The Labour In team are concerned that far too many Labour supporters say they don’t know what our position is on the referendum.
That’s why the entire Labour family came together this week to make it clear that we are united behind the Remain campaign.
Yesterday, the Shadow Cabinet stood united behind Jeremy Corbyn along with our National Executive Committee and the leaders of the biggest Trade Unions in Britain to say ‘yes’ to the EU.
I’ve been a member of the Labour party for more than 30 years and I can’t remember any issue that has united the Labour family like this one has.
Labour is speaking with one voice when it comes to our membership of the European Union.
Jeremy Corbyn and Tony Blair; John McDonnell and Gordon Brown; Len McCluskey and Peter Mandelson.
They all agree the UK is better off if we remain in the EU, so that we can reform the EU.
So to every Labour voter and Labour supporter, I say this: Be in no doubt that Labour’s view is Britain’s families are better off in the EU.
Labour In’s second goal is that there are too many Labour supporters who tell us – and I’ve spoken to many of them – that they are voting Leave to punish David Cameron.
They see a Leave vote as a way to reject David Cameron and George Osborne’s misguided policies on austerity.
They want to give David Cameron a bloody nose. And I can understand that.
But my message to them is a simple one: please don’t vote Leave to spite David Cameron and end up blighting the country instead.
Because the consequences of leaving the EU are arguably even worse than the consequences of Tory rule. A Tory Government can be kicked out at a General Election. And the damage the Tories do can be repaired by Labour.
But if we leave the EU we leave for good – the door will be shut and we will never be allowed back in.
The jobs and livelihoods that depend on our membership of the EU, the worker’s rights it guarantees and the opportunities it represents will be lost forever.
And we will still be living with the consequences long after the thrill of seeing David Cameron defeated has worn off.
And there is a third concern from Labour In.
My worry is that the Leave campaign have convinced some people that voting leave will end immigration. Labour is determined to fight the Leave campaign’s bogus claim that all the problems of immigration can be solved by leaving the EU.
It won’t. And nor will it protect British workers from a Brexit Tory Government.
It’s hard to find a polite way to respond to the Tories who are concerned that Labour politicians are talking about the future European reforms we want to see during this campaign, but I’ll do my best.
It was the Tory governments of the 1980s and 90s that deregulated our labour market. Those reforms paved the way for zero hours contracts to flourish. The share of wealth going to workers fell, and went to higher profits instead. That’s why Philip Green was in the House of Commons today. Temporary contracts. Zero-hours contracts and bogus self-employment have blossomed, while trade unions that protected workers have had their hands tied.
And when I look at other waves of migration, those West Indian workers in the 1950s and 1960s, or South Asian people in the 1970s and 1980s there was little about migrants driving down wages because we then had strong employment rights and strong trade union rights.

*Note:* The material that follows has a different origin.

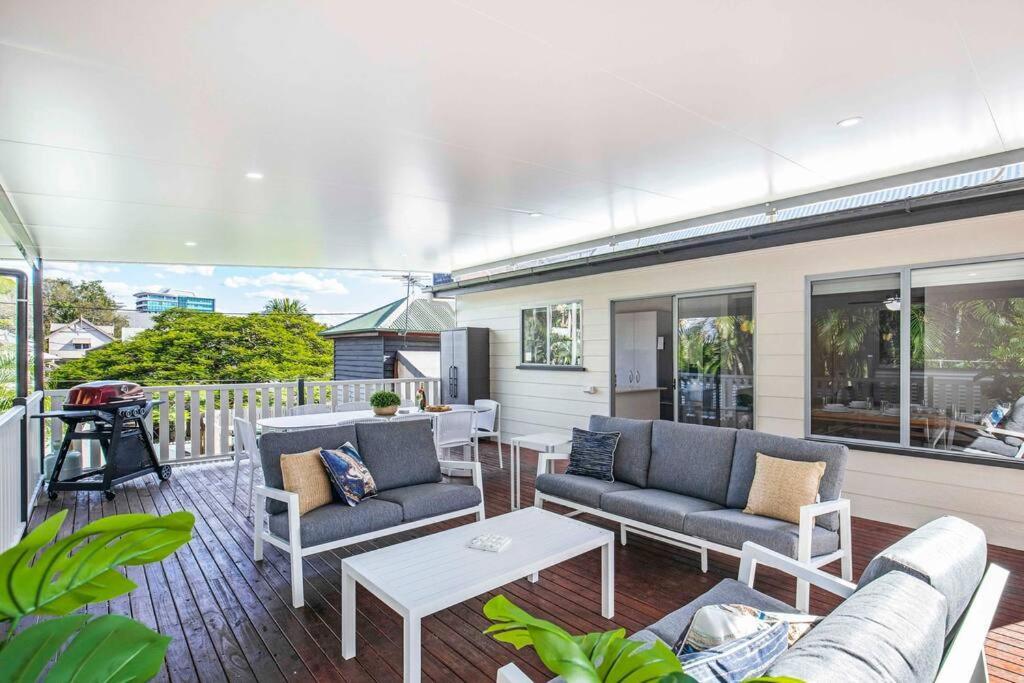 Holiday home Sunset Haven 4-bd Retreat Milton, Steps To Suncorp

Now we have a deregulated labour market and that allows unscrupulous employers to undercut pay and exploit migrant workers. And unscrupulous businesses can undercut good businesses by pursuing a race to the bottom.
It isn’t migrants to blame for lower wages, this has been going on well before Polish plumbers and Spanish care workers came here.
But there is a solution. Actually, by working with the European Union past Labour governments brought in the agency workers directive, the working time directive, and a whole host of social legislation that protected British workers and provided a level playing field of rights across the whole of Europe. Jeremy, John McDonnell, the whole of the shadow cabinet believe there is more to do. The Tory Government has failed to stop employers advertising UK jobs only abroad.
They should do.
And there is a loophole in the Posting of Workers Directive that allows employers to import workers from another country at lower rates of pay.
That’s undercutting British workers and could be stopped. We are pushing the Government to work in Europe to close that loophole. But we must listen to what voters are telling us on the doorsteps. In my view we must go further. There should be a root and branch review of all directives, to ensure UK workers are not undercut and migrant workers are not exploited.
And let me also talk directly to those workers who are concerned about job security and their weekly wage: don’t let the hard right Tory ideologues who are pulling the strings of the leave campaign fool you. They’re not interested in you or your family.
To them you are a commodity, a mere unit of Labour. They have no intention of protecting you, investing in you, or helping you. They just want your vote and they’ll tell you anything you want to hear before next Thursday.
So these are our three tasks up until a week tomorrow: Share our Remain message with all our supporters, convince them not to use their vote to punish David Cameron and explain why voters are being misled by the leave campaign on immigration.
But today I really want to talk about what a future EU could look like if our people vote to Remain on Thursday 23 June.
Gordon Brown outlined five opportunities for reforming the EU if we continue to lead the EU and I’d like to share them with you again today.
These objectives are realistic. But we have to be around the negotiating table to be able to set the agenda for reform.
Reform Number One. Action against tax havens.
We can take collective action on tax havens with our European partners to claw back the one trillion euros that are held offshore.
Reform Number Two. Action to improve living standards.
A UK Presidency in 2017 could also dramatically reduce energy prices and household bills by hastening the introduction of an EU-wide energy grid that will allow consumers and businesses to benefit from economies of scale across the continent.
Reform Number Three. Action to protect workers’ rights.
If we remain in the EU we can extend the worker’s rights that it already underpins – many of which were introduced by Labour governments – so that no member state permits employers to use insecure or exploitative contracts. That will prevent a race to the bottom and improve conditions at work.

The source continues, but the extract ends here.